YOUR ASSIGNMENT: The answer consists of the lines from the line holding "Zdjęcie 11 z" through the last line of the entries, retyped exactly, and nothing else. No pictures belong in it.
◆ ◆ ◆ ◆ ◆
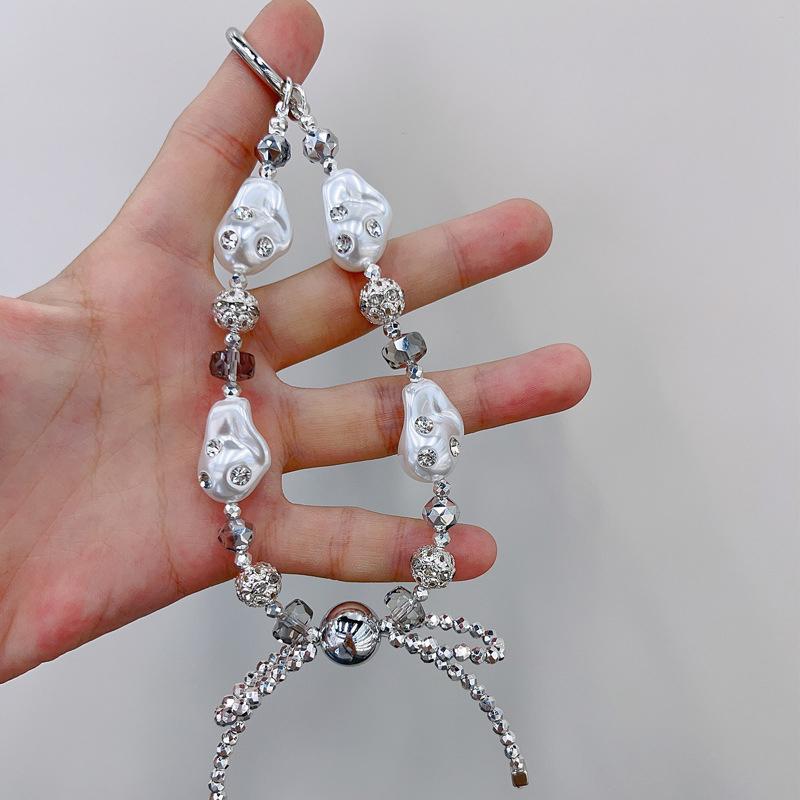 

Y2K Роскошный Lrregular Ремешок для запястья с жемчужными бусинами, бриллиантовый ремешок для телефона с подвеской в виде банта, защитный ремешок для телефона от падения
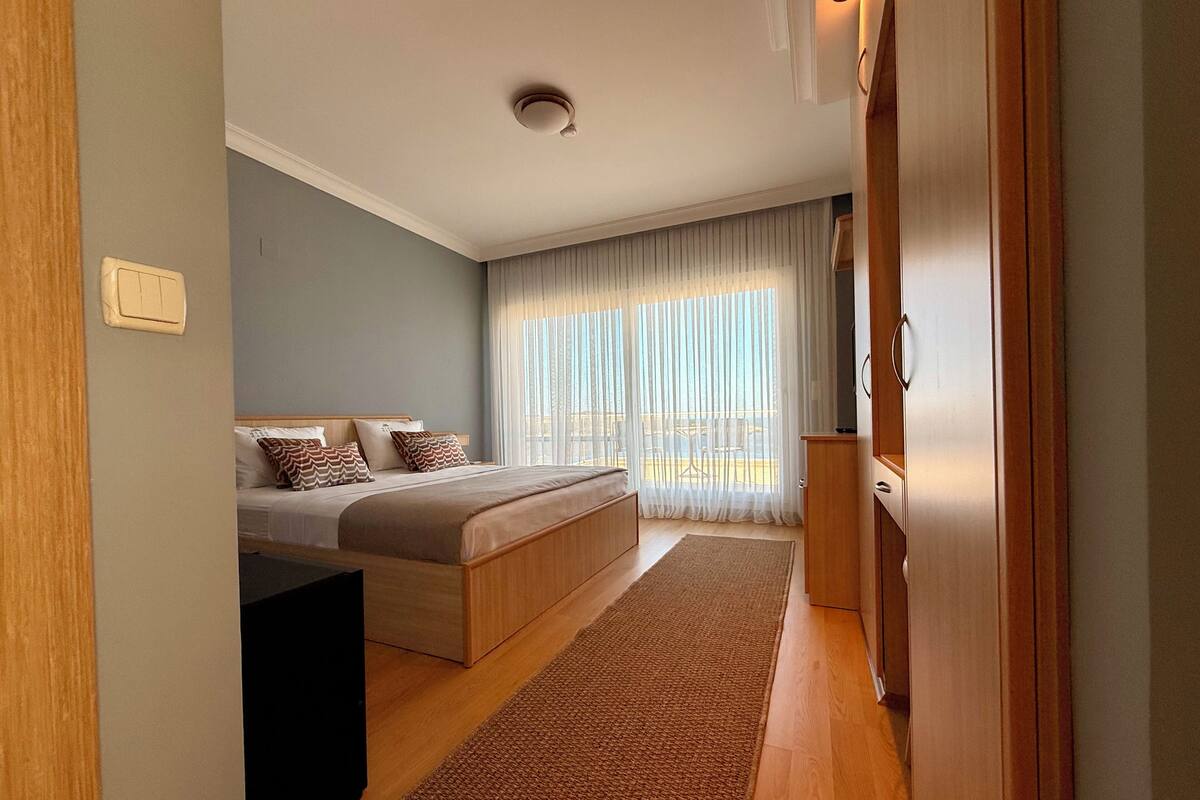 Une chambre à coucher avec un lit, une armoire en bois, un bureau et une grande fenêtre ornée de rideaux légers.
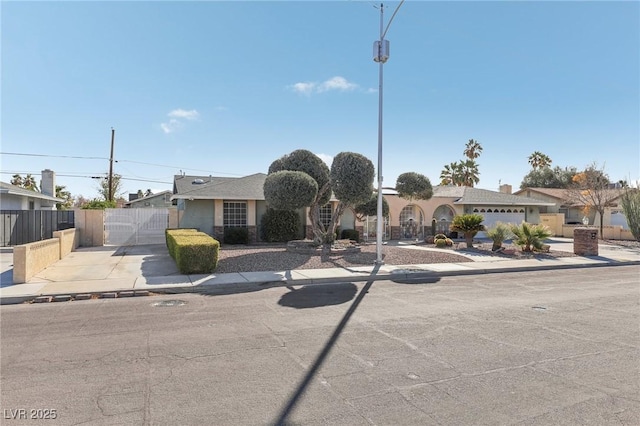 1912 Parkchester Dr, Las Vegas, NV 89108 - view of front facade featuring a gate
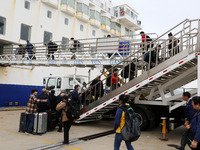 Passengers board a ferry after customs clearance at Lianyungang International Passenger Station in Lianyungang, China, on October 21, 2024....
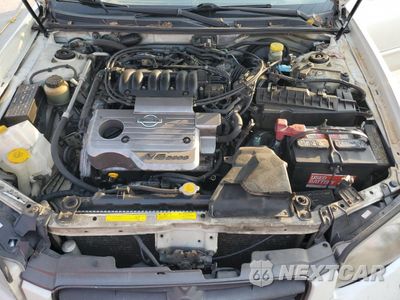 Zdjęcie 11 z 15 samochodu: 2001 NISSAN MAXIMA GXE VIN:JN1CA31D71T611868 - miniatura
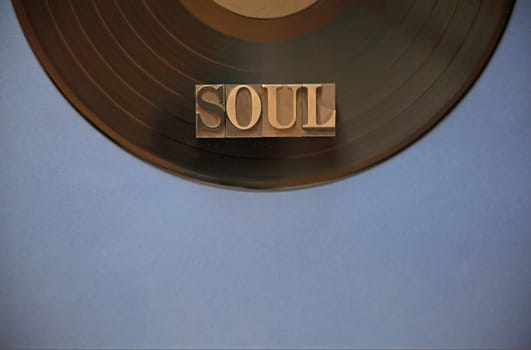 Black vinyl record with the word soul in metal type with room for copy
◆ ◆ ◆ ◆ ◆
ANSWER SECTION:
 Zdjęcie 11 z 15 samochodu: 2001 NISSAN MAXIMA GXE VIN:JN1CA31D71T611868 - miniatura
 Black vinyl record with the word soul in metal type with room for copy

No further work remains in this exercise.